### About this task
Where the material below has a line containing "4 зимни гуми goodyear 235 55 18", start repeating exactly, and keep going through the line containing "Appartement de 4", with no other lines.

### Provided data
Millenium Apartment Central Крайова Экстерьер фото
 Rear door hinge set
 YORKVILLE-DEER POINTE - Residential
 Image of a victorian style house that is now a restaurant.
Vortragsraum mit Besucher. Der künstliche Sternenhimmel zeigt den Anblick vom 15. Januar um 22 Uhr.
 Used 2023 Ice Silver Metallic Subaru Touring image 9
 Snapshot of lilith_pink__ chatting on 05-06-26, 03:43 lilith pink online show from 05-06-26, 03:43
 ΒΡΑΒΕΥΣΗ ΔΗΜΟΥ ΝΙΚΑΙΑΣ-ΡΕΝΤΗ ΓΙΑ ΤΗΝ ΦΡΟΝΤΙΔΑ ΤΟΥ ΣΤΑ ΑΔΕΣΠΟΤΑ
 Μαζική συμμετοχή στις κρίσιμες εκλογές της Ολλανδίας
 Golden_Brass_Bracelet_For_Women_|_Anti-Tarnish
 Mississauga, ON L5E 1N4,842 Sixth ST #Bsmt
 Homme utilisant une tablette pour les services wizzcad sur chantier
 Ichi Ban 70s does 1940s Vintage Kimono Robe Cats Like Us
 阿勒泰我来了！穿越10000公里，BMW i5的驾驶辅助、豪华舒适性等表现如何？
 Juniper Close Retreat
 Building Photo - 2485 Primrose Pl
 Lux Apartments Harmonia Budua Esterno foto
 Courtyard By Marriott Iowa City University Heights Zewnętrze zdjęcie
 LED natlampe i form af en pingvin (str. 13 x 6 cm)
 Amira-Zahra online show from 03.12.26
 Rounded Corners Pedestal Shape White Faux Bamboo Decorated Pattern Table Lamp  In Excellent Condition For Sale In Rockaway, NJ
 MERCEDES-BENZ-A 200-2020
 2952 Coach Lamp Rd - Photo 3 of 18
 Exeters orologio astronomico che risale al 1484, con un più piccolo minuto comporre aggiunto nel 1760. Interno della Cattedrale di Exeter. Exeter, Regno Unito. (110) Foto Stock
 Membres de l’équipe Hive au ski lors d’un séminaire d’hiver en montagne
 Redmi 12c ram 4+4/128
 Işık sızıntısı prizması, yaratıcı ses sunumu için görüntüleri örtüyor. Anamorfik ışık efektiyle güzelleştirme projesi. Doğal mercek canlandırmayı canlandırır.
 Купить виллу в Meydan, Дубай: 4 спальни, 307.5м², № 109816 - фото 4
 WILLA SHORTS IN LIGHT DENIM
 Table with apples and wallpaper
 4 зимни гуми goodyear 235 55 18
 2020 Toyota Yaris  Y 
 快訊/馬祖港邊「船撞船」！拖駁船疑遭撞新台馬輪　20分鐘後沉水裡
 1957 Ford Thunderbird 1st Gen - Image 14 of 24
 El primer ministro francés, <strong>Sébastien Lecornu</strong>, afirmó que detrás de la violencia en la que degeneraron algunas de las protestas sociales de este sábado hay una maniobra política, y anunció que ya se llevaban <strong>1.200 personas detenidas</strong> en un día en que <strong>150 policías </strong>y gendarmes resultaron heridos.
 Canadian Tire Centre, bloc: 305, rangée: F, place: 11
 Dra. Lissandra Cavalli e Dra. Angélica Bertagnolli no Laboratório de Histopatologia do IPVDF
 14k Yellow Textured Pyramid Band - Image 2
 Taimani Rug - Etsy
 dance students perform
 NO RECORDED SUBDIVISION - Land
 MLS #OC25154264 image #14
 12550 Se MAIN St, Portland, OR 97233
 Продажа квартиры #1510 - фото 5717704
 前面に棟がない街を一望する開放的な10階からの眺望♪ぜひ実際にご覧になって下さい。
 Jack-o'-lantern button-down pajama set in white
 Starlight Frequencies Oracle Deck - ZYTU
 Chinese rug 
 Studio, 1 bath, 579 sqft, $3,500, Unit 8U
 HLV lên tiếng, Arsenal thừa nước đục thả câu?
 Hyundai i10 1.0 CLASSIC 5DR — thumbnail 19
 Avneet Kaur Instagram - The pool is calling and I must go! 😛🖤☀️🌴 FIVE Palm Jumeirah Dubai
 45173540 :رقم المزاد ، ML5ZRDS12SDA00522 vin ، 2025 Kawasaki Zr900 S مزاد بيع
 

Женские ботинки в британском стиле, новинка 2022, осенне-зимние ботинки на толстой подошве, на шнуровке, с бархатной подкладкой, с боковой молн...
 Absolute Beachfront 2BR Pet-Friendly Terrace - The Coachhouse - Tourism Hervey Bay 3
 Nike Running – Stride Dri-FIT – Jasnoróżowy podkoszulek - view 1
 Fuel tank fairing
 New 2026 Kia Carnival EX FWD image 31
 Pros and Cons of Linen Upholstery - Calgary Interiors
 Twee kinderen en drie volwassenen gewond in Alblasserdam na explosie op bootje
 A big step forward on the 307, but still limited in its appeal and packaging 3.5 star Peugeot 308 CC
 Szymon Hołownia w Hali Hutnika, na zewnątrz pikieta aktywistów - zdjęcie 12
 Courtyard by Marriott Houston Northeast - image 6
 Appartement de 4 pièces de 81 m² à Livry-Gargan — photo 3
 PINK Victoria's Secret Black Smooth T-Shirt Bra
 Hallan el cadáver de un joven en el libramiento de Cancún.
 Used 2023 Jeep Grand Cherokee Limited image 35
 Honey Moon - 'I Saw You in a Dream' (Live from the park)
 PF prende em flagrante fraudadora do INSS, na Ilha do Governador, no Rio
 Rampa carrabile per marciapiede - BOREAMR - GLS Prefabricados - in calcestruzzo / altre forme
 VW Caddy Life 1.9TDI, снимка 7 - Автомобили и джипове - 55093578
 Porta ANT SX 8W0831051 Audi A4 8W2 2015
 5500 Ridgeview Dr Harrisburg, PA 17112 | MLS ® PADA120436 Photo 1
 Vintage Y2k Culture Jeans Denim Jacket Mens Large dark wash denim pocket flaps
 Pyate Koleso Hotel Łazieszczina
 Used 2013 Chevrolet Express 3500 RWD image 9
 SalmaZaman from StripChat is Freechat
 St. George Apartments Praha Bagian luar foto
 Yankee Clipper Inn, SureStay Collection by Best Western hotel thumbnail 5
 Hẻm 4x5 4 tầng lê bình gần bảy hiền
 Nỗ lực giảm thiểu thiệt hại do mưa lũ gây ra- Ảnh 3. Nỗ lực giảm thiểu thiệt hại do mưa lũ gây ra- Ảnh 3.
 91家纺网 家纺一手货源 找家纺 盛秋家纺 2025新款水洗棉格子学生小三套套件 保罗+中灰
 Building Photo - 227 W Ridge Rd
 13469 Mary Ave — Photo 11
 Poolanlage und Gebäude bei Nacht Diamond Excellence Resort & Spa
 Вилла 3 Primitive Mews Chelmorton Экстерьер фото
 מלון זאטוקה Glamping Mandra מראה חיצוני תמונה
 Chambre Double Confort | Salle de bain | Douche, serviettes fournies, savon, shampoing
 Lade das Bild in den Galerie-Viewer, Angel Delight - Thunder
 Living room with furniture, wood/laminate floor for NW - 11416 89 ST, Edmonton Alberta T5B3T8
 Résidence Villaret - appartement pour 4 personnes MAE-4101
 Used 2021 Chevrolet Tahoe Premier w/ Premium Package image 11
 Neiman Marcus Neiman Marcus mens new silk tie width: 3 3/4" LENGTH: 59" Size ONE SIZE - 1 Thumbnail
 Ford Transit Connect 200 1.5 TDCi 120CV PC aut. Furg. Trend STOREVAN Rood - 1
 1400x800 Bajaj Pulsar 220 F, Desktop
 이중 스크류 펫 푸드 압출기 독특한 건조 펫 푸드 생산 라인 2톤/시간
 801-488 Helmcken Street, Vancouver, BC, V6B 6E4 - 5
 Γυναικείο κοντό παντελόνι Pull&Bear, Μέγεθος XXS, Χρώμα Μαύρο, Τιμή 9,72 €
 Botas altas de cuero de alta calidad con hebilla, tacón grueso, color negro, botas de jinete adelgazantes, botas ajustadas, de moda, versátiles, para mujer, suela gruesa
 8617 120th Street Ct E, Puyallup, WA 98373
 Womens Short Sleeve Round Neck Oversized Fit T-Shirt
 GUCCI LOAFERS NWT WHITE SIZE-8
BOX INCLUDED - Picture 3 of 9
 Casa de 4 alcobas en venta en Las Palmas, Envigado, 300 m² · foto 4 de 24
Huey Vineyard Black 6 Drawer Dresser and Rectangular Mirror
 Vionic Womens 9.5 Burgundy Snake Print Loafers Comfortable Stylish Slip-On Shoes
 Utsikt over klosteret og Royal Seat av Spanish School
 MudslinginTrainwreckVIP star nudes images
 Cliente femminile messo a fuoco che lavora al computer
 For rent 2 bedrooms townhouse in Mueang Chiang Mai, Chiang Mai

### Completed task
 4 зимни гуми goodyear 235 55 18
 2020 Toyota Yaris  Y 
 快訊/馬祖港邊「船撞船」！拖駁船疑遭撞新台馬輪　20分鐘後沉水裡
 1957 Ford Thunderbird 1st Gen - Image 14 of 24
 El primer ministro francés, <strong>Sébastien Lecornu</strong>, afirmó que detrás de la violencia en la que degeneraron algunas de las protestas sociales de este sábado hay una maniobra política, y anunció que ya se llevaban <strong>1.200 personas detenidas</strong> en un día en que <strong>150 policías </strong>y gendarmes resultaron heridos.
 Canadian Tire Centre, bloc: 305, rangée: F, place: 11
 Dra. Lissandra Cavalli e Dra. Angélica Bertagnolli no Laboratório de Histopatologia do IPVDF
 14k Yellow Textured Pyramid Band - Image 2
 Taimani Rug - Etsy
 dance students perform
 NO RECORDED SUBDIVISION - Land
 MLS #OC25154264 image #14
 12550 Se MAIN St, Portland, OR 97233
 Продажа квартиры #1510 - фото 5717704
 前面に棟がない街を一望する開放的な10階からの眺望♪ぜひ実際にご覧になって下さい。
 Jack-o'-lantern button-down pajama set in white
 Starlight Frequencies Oracle Deck - ZYTU
 Chinese rug 
 Studio, 1 bath, 579 sqft, $3,500, Unit 8U
 HLV lên tiếng, Arsenal thừa nước đục thả câu?
 Hyundai i10 1.0 CLASSIC 5DR — thumbnail 19
 Avneet Kaur Instagram - The pool is calling and I must go! 😛🖤☀️🌴 FIVE Palm Jumeirah Dubai
 45173540 :رقم المزاد ، ML5ZRDS12SDA00522 vin ، 2025 Kawasaki Zr900 S مزاد بيع
 

Женские ботинки в британском стиле, новинка 2022, осенне-зимние ботинки на толстой подошве, на шнуровке, с бархатной подкладкой, с боковой молн...
 Absolute Beachfront 2BR Pet-Friendly Terrace - The Coachhouse - Tourism Hervey Bay 3
 Nike Running – Stride Dri-FIT – Jasnoróżowy podkoszulek - view 1
 Fuel tank fairing
 New 2026 Kia Carnival EX FWD image 31
 Pros and Cons of Linen Upholstery - Calgary Interiors
 Twee kinderen en drie volwassenen gewond in Alblasserdam na explosie op bootje
 A big step forward on the 307, but still limited in its appeal and packaging 3.5 star Peugeot 308 CC
 Szymon Hołownia w Hali Hutnika, na zewnątrz pikieta aktywistów - zdjęcie 12
 Courtyard by Marriott Houston Northeast - image 6
 Appartement de 4 pièces de 81 m² à Livry-Gargan — photo 3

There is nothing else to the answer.